Er doen te weinig vrouwen mee aan klinische studies naar behandelingen voor hart- en vaatziekten

Internist Jeanine Roeters van Lennep van het Erasmus MC heeft een subsidie van de Hartstichting ontvangen voor het Marie Curie-onderzoek, waarvan zij onderzoeksleider is. Hiermee willen onderzoekers achterhalen waarom minder vrouwen deelnemen aan klinische studies en hoe zij meer vrouwen kunnen werven.

Er doen te weinig vrouwen mee aan klinische studies naar behandelingen voor hart- en vaatziekten.
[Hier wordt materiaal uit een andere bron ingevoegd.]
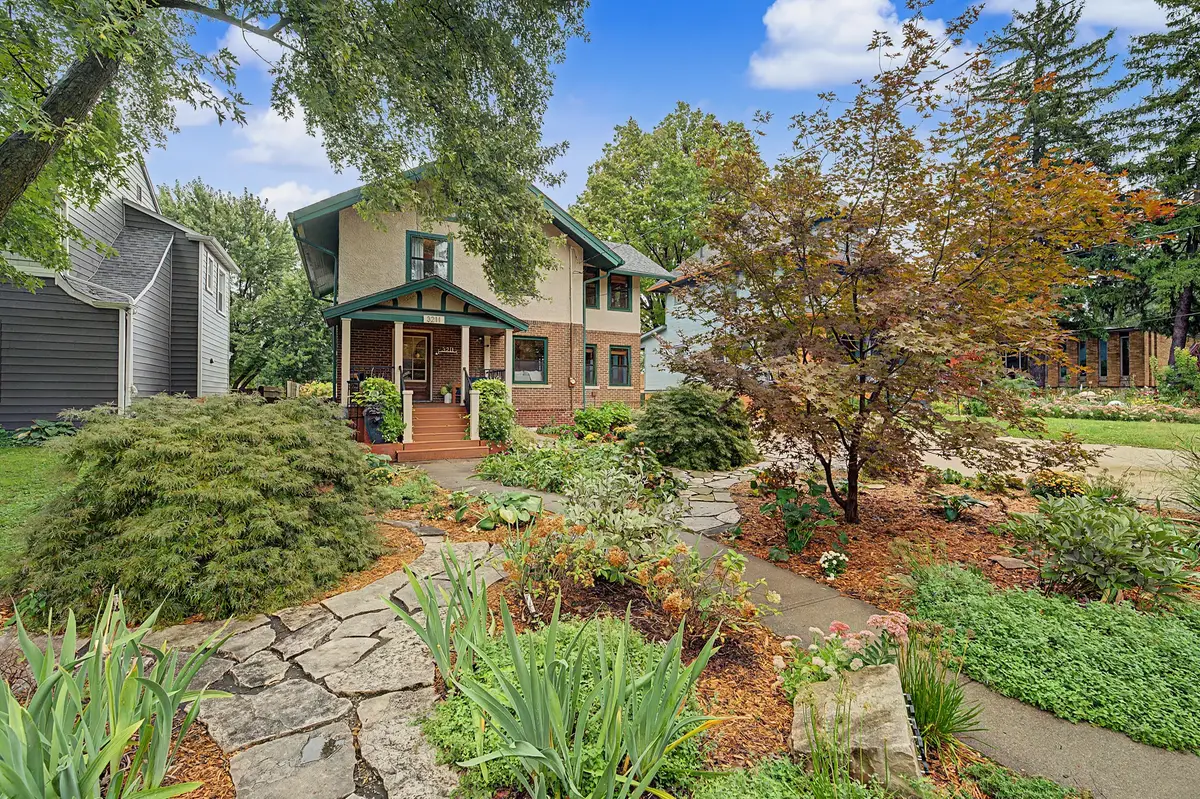 3211 Cottage Grove Avenue, Des Moines, IA 50311 - #1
Het is niet duidelijk waarom, maar als er te weinig vrouwen meedoen kunnen onderzoekers niet goed vaststellen of een behandeling goed werkt en veilig is voor vrouwen. Zo is bekend dat vrouwen vaker en soms andere bijwerkingen ervaren van medicijnen dan mannen.

Waarom?
De onderzoekers van het Marie Curie-onderzoek willen nagaan waarom vrouwen niet meedoen aan klinische studies en vaker uitvallen. Ook willen ze achterhalen wat ertoe bijdraagt dat vrouwen wel deelnemen. Er zijn verschillende oorzaken mogelijk waarom vrouwen minder vaak meedoen aan klinische studies. ‘Daarom willen we het voor eens en altijd goed uitzoeken’, vertelt Roeters van Lennep. ‘Dan weten we pas wat we eraan kunnen doen.’

Training
De onderzoekers gaan bij studies uit het verleden in kaart brengen waardoor en wanneer vrouwen zijn afgehaakt. Ook gaan ze in experimenten met acteurs testen welke factoren in de communicatie een rol spelen. Op basis van die kennis ontwikkelen ze een training voor onderzoeksgroepen zodat zij vrouwen beter kunnen stimuleren om mee te doen aan onderzoek.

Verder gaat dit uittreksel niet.